--- START ---
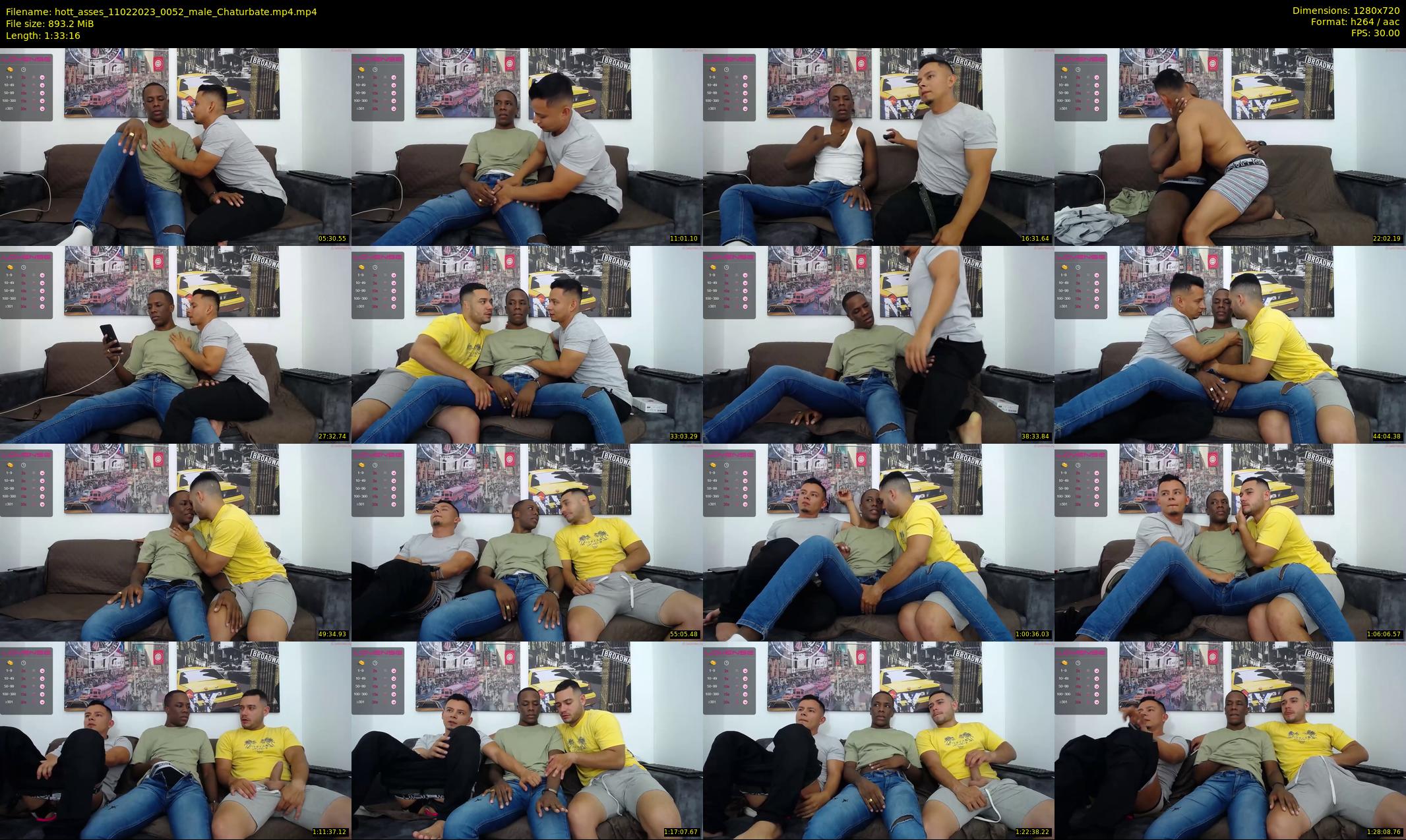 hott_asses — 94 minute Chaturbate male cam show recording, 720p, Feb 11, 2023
--- END ---
--- START ---
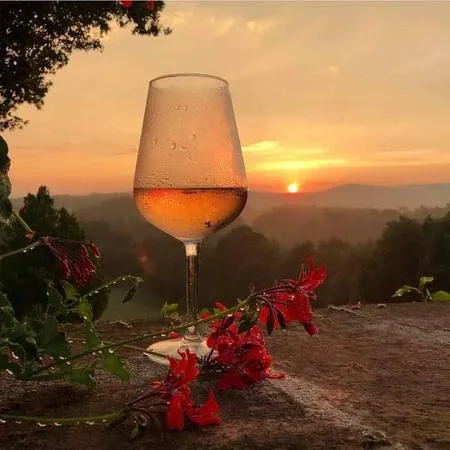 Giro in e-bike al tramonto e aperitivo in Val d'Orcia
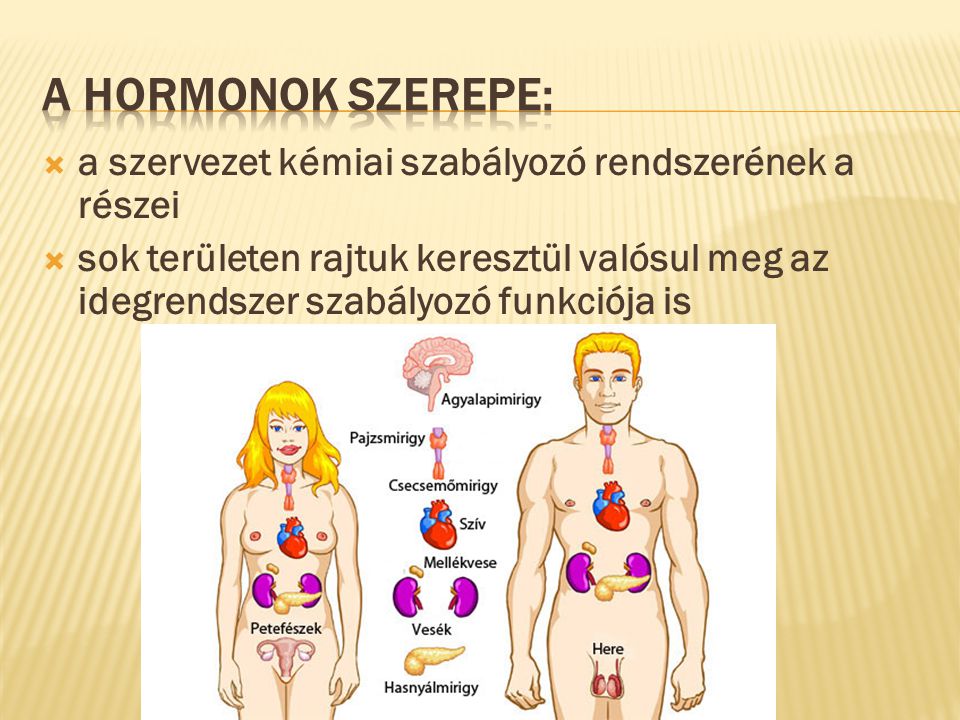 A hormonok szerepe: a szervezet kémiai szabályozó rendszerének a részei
--- END ---
* [WHAT IS REQUIRED]: Write down exactly what the lines above say, from the line holding "Giro in e-bike" through the line holding "A hormonok szerepe: a", and nothing more. Do not copy the pictures.

* [TASK SOLUTION]:
 Giro in e-bike al tramonto e aperitivo in Val d'Orcia
 A hormonok szerepe: a szervezet kémiai szabályozó rendszerének a részei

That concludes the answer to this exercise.